Biting into a round dumpling, a crisp cucumber aroma spread across the palate, bringing a fresh lift after a winter of heavy air and fine dust.
A hands-on event where participants made and tasted Monk Seonjae’s pine nut noodles — praised by chef Ahn Sung-jae on Netflix’s variety show “Culinary Class Wars” — was held Feb. 26 at the Korean Temple Food Culture Experience Center in Seoul’s Jongno district.
Hosted by the Korean Buddhist Cultural Heritage Foundation, the event featured Seonjae, known for popularizing temple cuisine, demonstrating how to make “Seungso” pine nut noodles. She toasted pine nuts in a pan, finely chopped them and blended them with water to make the broth. She kneaded flour dough with blanched zucchini and spinach, then pulled thin noodles. She also ground cucumber, mixed it with starch and shaped small, round dumplings. Thinly sliced cucumber and Korean melon, lightly salted, were added as garnish.
“Seungso” (僧笑) refers to a dish tasty enough to make a monk smile. The noodles highlighted the ingredients’ natural color and fragrance, with pine nuts complemented by the clean scent of cucumber and Korean melon for a mild, refreshing finish.

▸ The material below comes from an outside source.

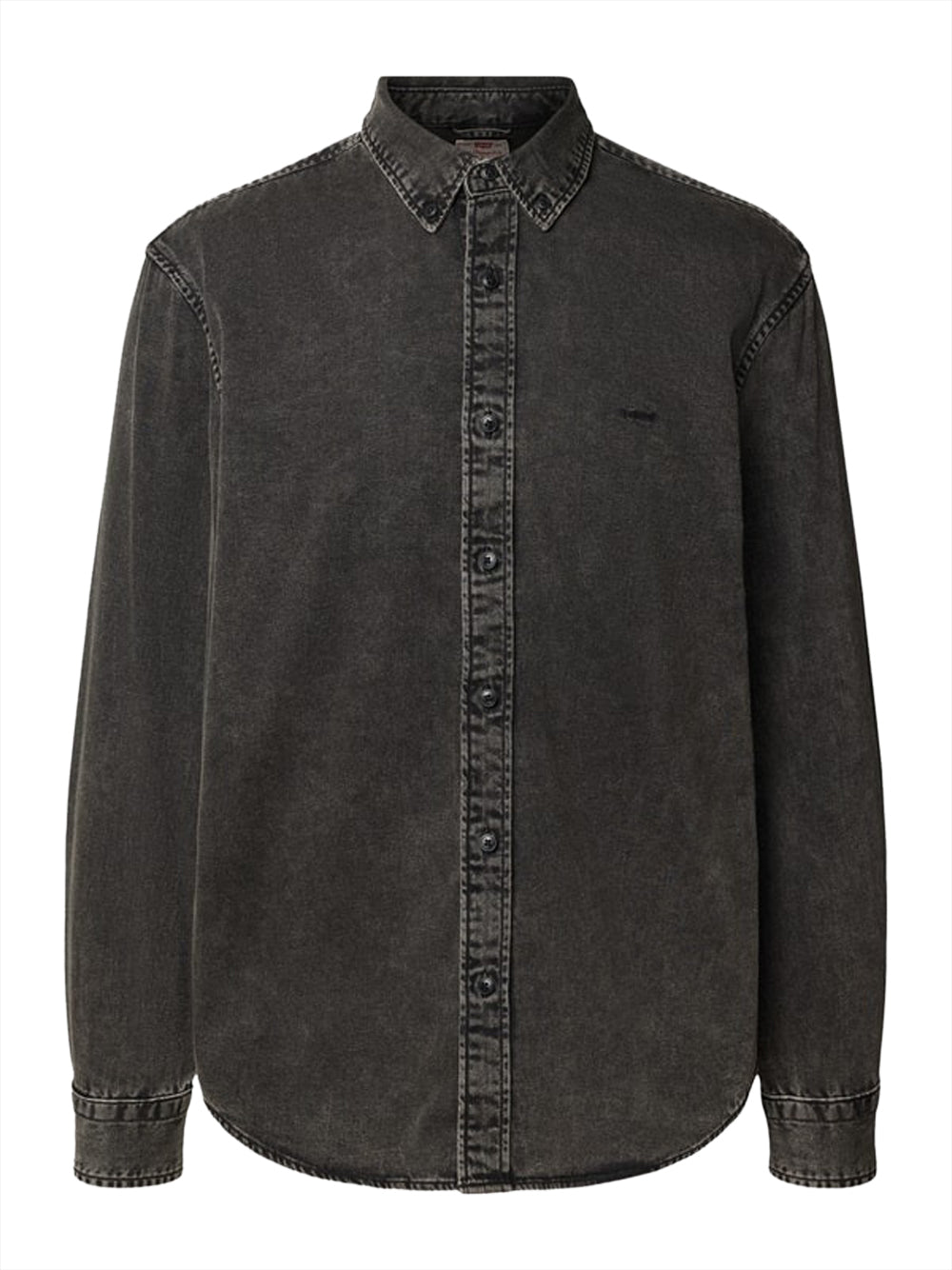 Levi's Camicia Casual Uomo Authentic Nero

Journalists attending the session split into four teams of four to five people and followed Seonjae’s recipe, pulling noodles and shaping dumplings by hand.
Seonjae repeatedly emphasized that “food is medicine,” saying the hardest part of cooking is deciding who will eat it. “You have to make food that fits that person — food that becomes medicine,” she said. “The scriptures say all food is medicine. People usually call seasonings ‘flavoring,’ but in Buddhism it’s the idea of adding taste and medicine. It’s not food that only tastes good; it should suit the person’s palate and be good for the body.”

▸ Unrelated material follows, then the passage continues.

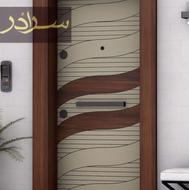 درب ضد سرقت مدرن:”کدLa982”/نما اسپایدر ضدسرقت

She said thinking, taste and the body are connected. “Your taste changes when your thinking changes,” she said. “When your taste changes, your body changes. To avoid wasting food, you have to think of it as precious.”
Seonjae said visitors who want to eat her cooking must come one to two hours before mealtime. “You have to make the food together,” she said. “You need to know what went into it to understand its value.”
She also urged ingredients that align with Buddhism’s view of life. “You can only become healthy by eating ingredients that respect nature’s life — not ones that pollute the soil, water and air,” she said, adding that many people are unfamiliar with ingredients such as bang-a and perilla. “Bang-a makes soybean paste stew sweet and delicious. We need to teach children these things.”
Seonjae stressed learning “what is ours” first. “If our children don’t know how to ferment sauces or make kimchi, our culture will disappear,” she said. “Then even our DNA will have to change. We must protect our culture.”
The Jogye Order said it plans to intensify efforts to promote temple cuisine.
Ilhwa, head of the Korean Buddhist Cultural Heritage Foundation, said at the event that it was meaningful that temple food has recently drawn attention through media as an important cultural phenomenon. The foundation will keep working with countries including France and the United Kingdom to globalize temple cuisine, Ilhwa said.
* This article has been translated by AI.